Page 1 of 1

non-english characters in texis

Posted: Fri May 20, 2005 5:49 pm
by jkj2001
We have a question regarding European character sets in texis. These aren't unicode characters we're referring to, but rather single-byte/ascii values.

Right now we index one of our fields using this statement:

tsql -q "set keepnoise='on';set delexp=0;set addexp='\punct{1,5}';set addexp='\a
lnum{1,99}';set addexp='>>\alpha{1,50},=\alpha{1,50}';create metamorph inverted
index myindex on mytable(FIELD01);"

When we load a record into the table with foreign characters (eg Confédération), and reindex as above, we're unable to search for that term and retrieve hits. However, if French text is pasted into our web browser interface and saved to the table, the text is searchable afterward.

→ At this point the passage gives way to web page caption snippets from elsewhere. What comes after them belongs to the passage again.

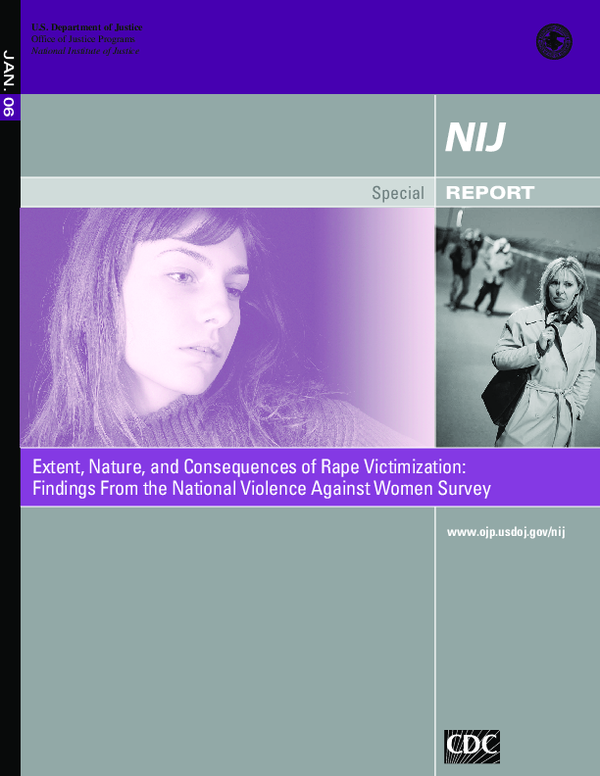 (PDF) Extent, Nature, and Consequences of Rape Victimization: Findings ...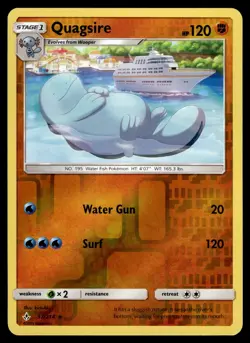 Quagsire 97/214 Reverse Holo Unbroken Bonds Pokemon Card - Image 1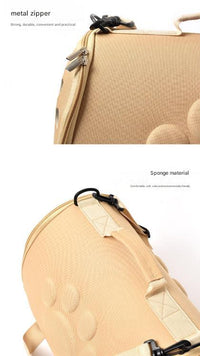 Thumbnail for Blue Stylish EVA Pet Carrier Bag - Lightweight Portable & Breathable Travel Crate for Small Dogs & Cats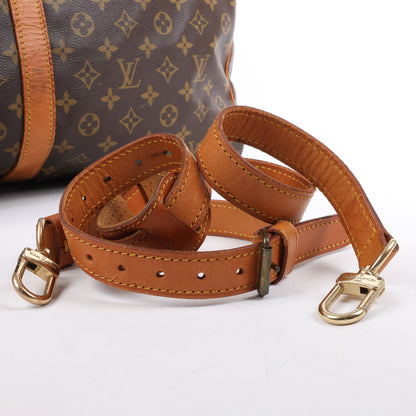 Louis Vuitton Monogram Canvas Keepall Bandoulière 60 Travel Bag M41412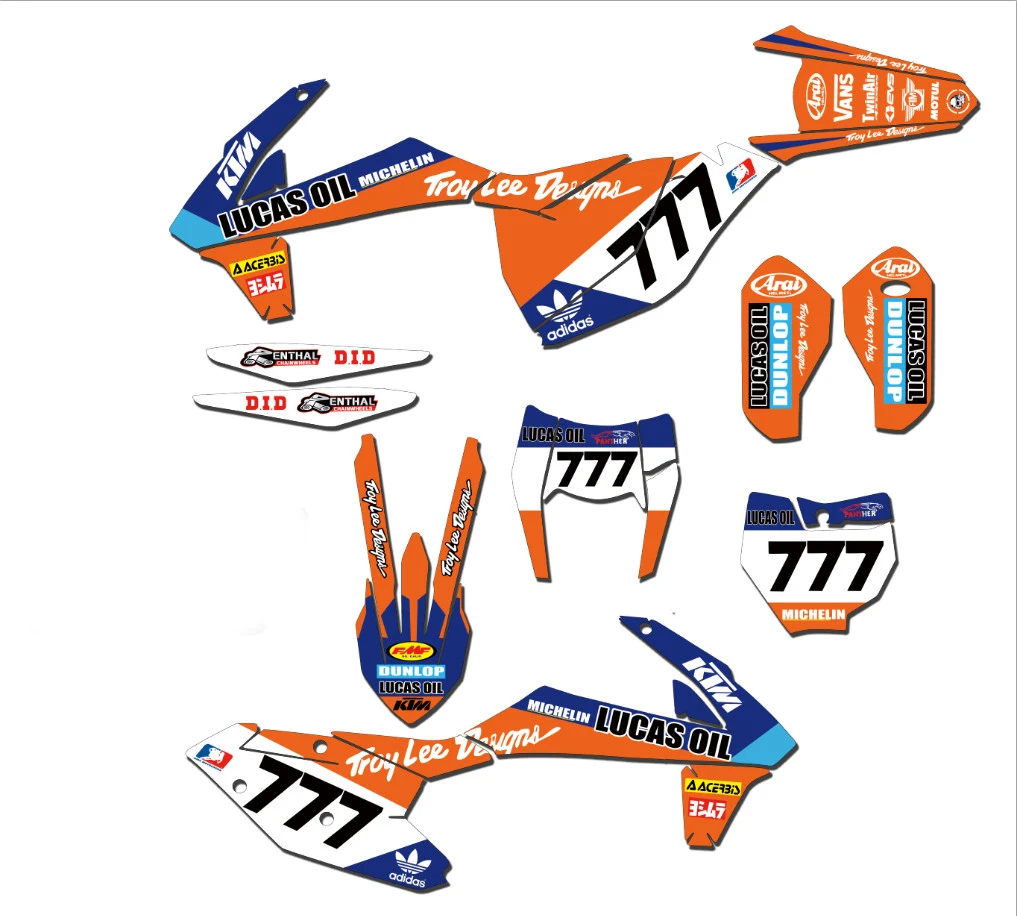 Мотокросс полный набор графические наклейки для KTM XC EXC XCF SX SXF для KTM 125 250 300 350 400 450 500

Our search term in both instances reads "select * from mytable where FIELD01 like 'Confédération'"

Would you have any theories as to why the text is searchable in the latter instance but not the former? I realize we're a bit thin on the details here so feel free to ask for more info. We're using version 4.04.1067366033. Thanks!

non-english characters in texis

Posted: Fri May 20, 2005 10:36 pm
by John
It is probably the difference between indexed and unindexed search.

When creating the index you should include the high-bit characters. One simple method would be instead of \alnum use [\alnum\x80-\xff] in the addexps.